ROANOKE TIMES

                         Roanoke Times
                 Copyright (c) 1995, Landmark Communications, Inc.

DATE: SATURDAY, March 14, 1992                   TAG: 9203140227
SECTION: NATIONAL/INTERNATIONAL                    PAGE: A-1   EDITION: METRO 
SOURCE: Associated Press
DATELINE: WASHINGTON                                LENGTH: Medium


DEMOCRATS' TAX PACKAGE OK'D

Democratic leaders Friday night rammed through the Senate a tax cut for 29 million middle-income families that would be financed by raising taxes on the nation's richest 800,000 people. President Bush has promised to veto it.

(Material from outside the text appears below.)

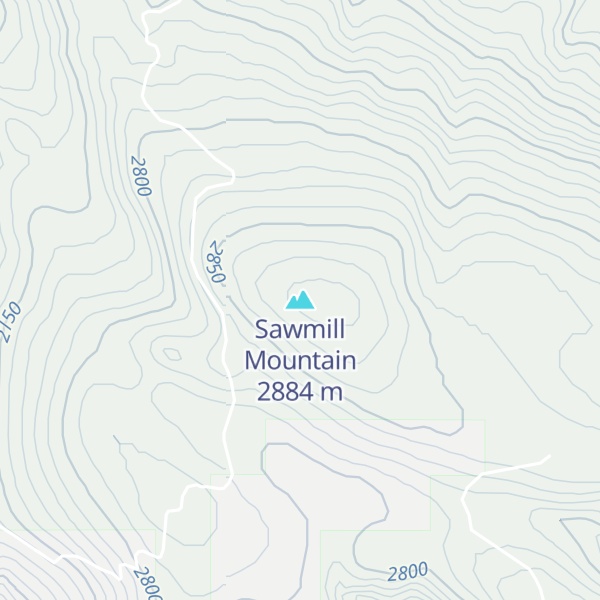 Map of Sawmill Mountain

The vote was 50-47. No Republican voted for it; four Democrats voted no.

"This proposal is aimed specifically at those families that have taken the hardest hit over the last decade, and they are middle-income families with children," said Sen. Lloyd Bentsen, D-Texas, chief author of the bill.

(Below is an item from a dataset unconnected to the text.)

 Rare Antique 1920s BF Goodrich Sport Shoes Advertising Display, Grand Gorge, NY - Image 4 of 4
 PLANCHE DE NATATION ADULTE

Republican Leader Bob Dole of Kansas said the biggest benefits will go not to the middle class but to "the `ruling class' - the Democratic incumbents who only want election-year benefits for themselves."

A final compromise between the Senate bill and a similar House-passed plan probably will be worked out next week and sent to Bush by the March 20 "deadline" he imposed.

Although the Senate bill contains a version of the seven short-term tax changes that Bush proposed to stimulate the economy, he opposes it - and the House measure - because of the tax increase on the well-to-do.

At the heart of the Senate bill is a permanent tax credit of up to $300 a year for each child under 16 in families with incomes under $60,000. It includes tax-deductible Individual Retirement Accounts for all workers; deductions for interest on student loans; a capital-gains tax cut focused on middle-income investors in small business, and repeal of an unpopular luxury tax on expensive yachts, planes, jewels and furs.

The tax reduction, worth nearly $70 billion in 1992 through 1996, would be financed by raising taxes on the wealthiest 0.7 percent of all taxpayers.

This would be done chiefly by raising the current 31 percent top individual tax rate to 36 percent. That generally would affect single people whose total incomes exceed about $180,000 and couples above the $210,000 range. In addition, about 60,000 people with annual taxable incomes above $1 million would pay a new surtax of up to 10 percent.